Yağlık ve sofralık olarak yararlanılan zeytin, hem yüksek besin değerine sahip sağlıklı bir gıda olması hem de iç ve dış ticaretimize konu olması nedeniyle büyük önem taşımaktadır. Zeytincilikte, 2012-2013 sezonu özellikle ihracatta çok iyi geçti. Dünyada zeytinyağına yönelik talepteki artışının yanı sıra en büyük üretici İspanya’da kuraklık yaşanması da ihracatta patlama yapmamıza neden oldu. 2012 yılında 198,6 milyon dolar olan zeytin ve zeytinyağı ihracatından bu yıl sadece 8 aylık (Ocak-Ağustos 2013) dönemde 330,1 milyon dolarlık döviz elde edildi. 2012 yılının Ocak-Ağustos döneminde 77 bin 948 ton zeytinyağı ihracatı karşılığında 242 milyon 505 bin dolar, 40 bin 741 ton siyah zeytin ihracatı karşılığında 67 milyon 148 bin dolar, 10 bin 572 ton yeşil zeytin karşılığında 20 milyon 403 bin dolar döviz elde edildi. Toplam ihracat tutarı 330 milyon 56 bin dolar oldu."

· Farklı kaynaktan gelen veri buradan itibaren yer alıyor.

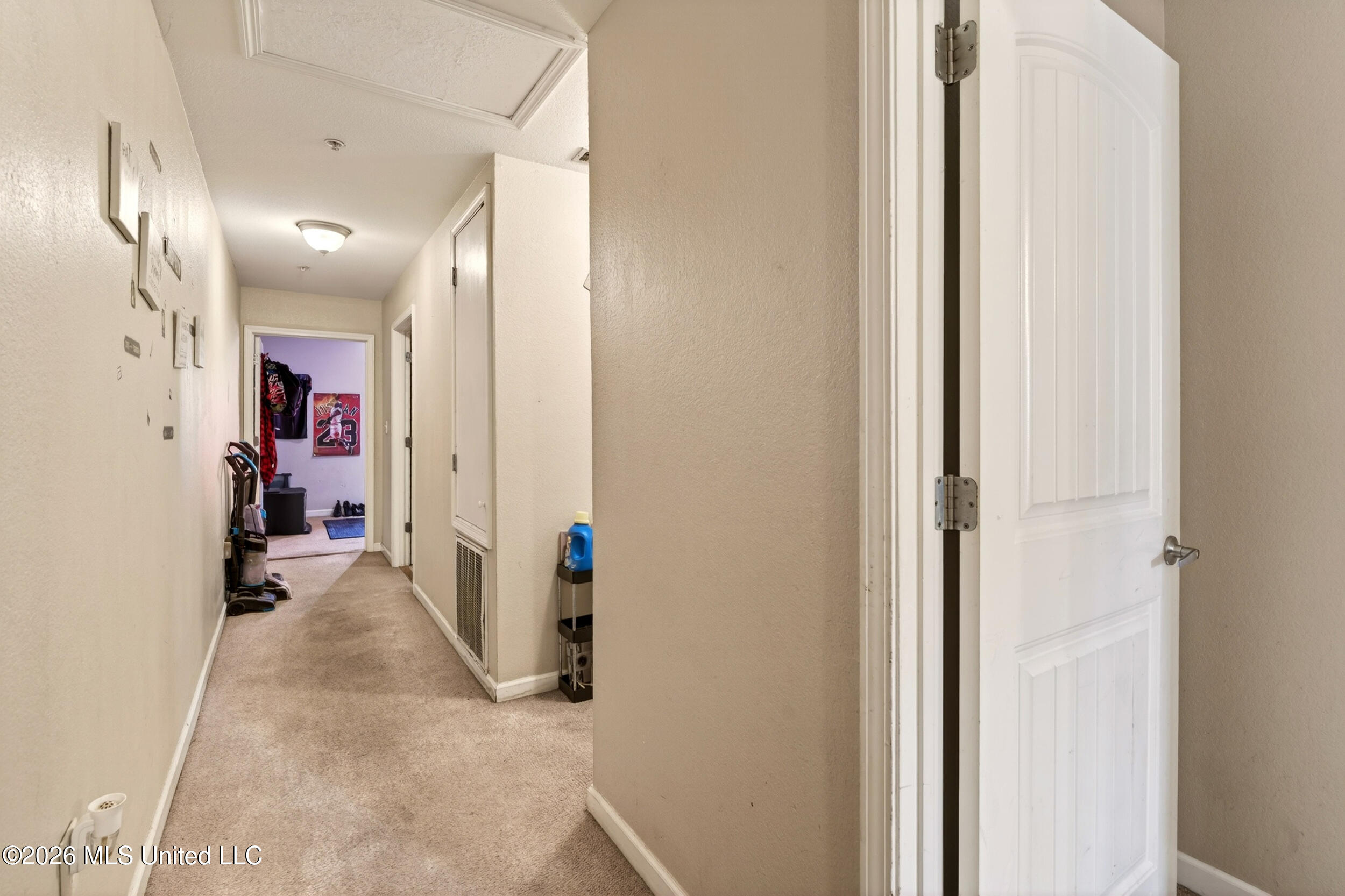 620 Layton Drive Property Photo 16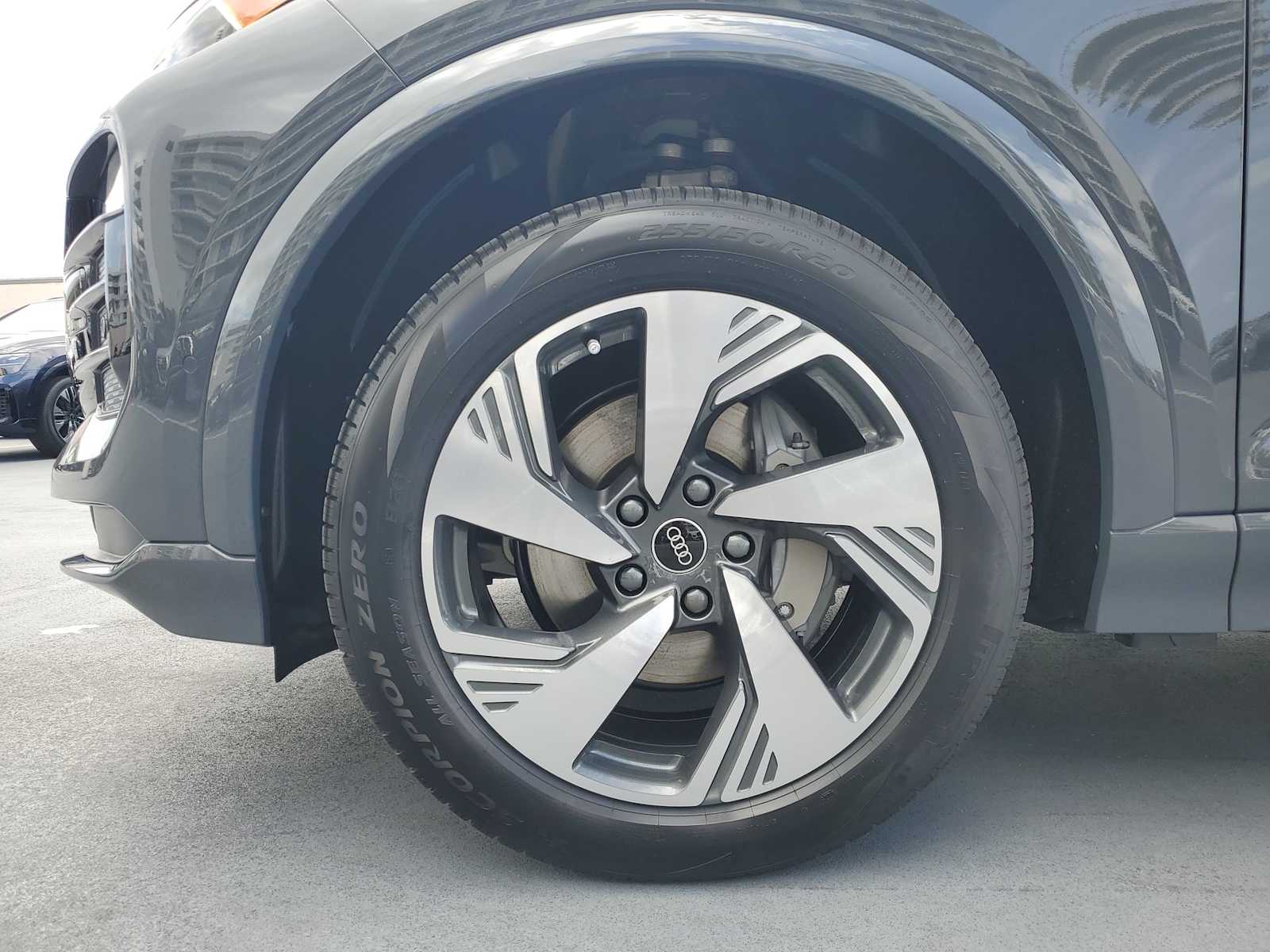 2025 Audi Q6 e-tron Premium 10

"DÜNYADA ZEYTİNYAĞINA YÖNELİK TALEP SÜREKLİ ARTIYOR"
Dünyada zeytinyağına yönelik talebin sürekli arttığını, Türkiye’nin zeytinyağı ihracatında yeni pazarların ortaya çıktığını belirten Bayraktar, "Zeytinyağı ihracatımızda öne çıkan ülkeler ABD, Suudi Arabistan, Japonya’nın yanı sıra dünyanın en büyük zeytinyağı üreticileri İspanya ve İtalya da vardı. Bu ülkeler bizden aldığı zeytinyağı markalı olarak başka ülkelere ihraç etmektedirler. Bu ülkelerin yanı sıra Çin, Irak, Birleşik Arap Emirlikleri, İran zeytinyağı ihracatımızda önem taşıyan diğer ülkelerdir. Yeşil ve siyah zeytin ihracatımızda ise Almanya, Irak, Romanya ve ABD ve Romanya öne çıkan ülkelerdir" dedi. Zeytinyağının içerdiği antioksidanlar, karotenoidler, fenolik bileşikler ve vitaminler bakımından beslenme ve sağlık üzerindeki öneminin büyük olduğu bilgisine veren Bayraktar, zeytinyağının kötü kolesterolü azalttığı ve iyi kolesterolü ise artırdığının uzmanlarca dile getirildiğini ve tüketilmesinin önerildiğini belirtti. Şemsi Bayraktar, gerek sağlık, gerek ülke ekonomisi açısından fevkalade önemli zeytin ve zeytinyağında 2013-2014 sezonunun başta üreticiler olmak üzere, sektörde faaliyet gösteren tüm taraflar için iyi geçmesinin en büyük temennileri olduğunu vurguladı.
YAPILMASI GEREKENLER
Bayraktar, bin bir emekle işletmesine bakan, artan girdi fiyatları karşısında üretime devam eden, hasat zamanını dört gözle bekleyen üreticilerin emeğinin karşılığını alabilmeleri, bu üretim dalından gereği gibi istifade edilebilmesi ve sektörün daha da ileriye gitmesi bakımından yapılması gerekenleri şöyle sıraladı:
-Ürün fiyatları maliyetin altında bırakılmamalı,
-Prim sistemine devam edilmeli, prim sisteminden beklenen faydanın elde edilebilmesi için primler üretim maliyeti dikkate alınarak belirlenmeli, sofralık zeytine de prim verilmeli,
-Sadece üretim artışına değil, pazarlama olanaklarına da odaklanılmalı,
-Türkiye’de kişi başı yıllık zeytinyağı tüketimi her ne kadar 1 litre seviyelerinden 2 litreye çıksa da hala çok düşük. Tanıtım faaliyetleriyle içtüketim artırılmalı,
-İhracatta yeni pazarlar bulunmalı, tanıtım ve pazarlama stratejileri geliştirilmeli, hedef pazarlar değerlendirilmeli,
-Stok müessesesi oluşturulmalı,
-Her ne ad altında olursa olsun zeytin ve zeytinyağı ithalatına izin verilmemeli,
-Zeytinliklerin mevcudiyetine devam etmesi ve korunması bakımından, konut, turizm, sanayi ve madencilik alanı olarak kullanılması engellenmeli.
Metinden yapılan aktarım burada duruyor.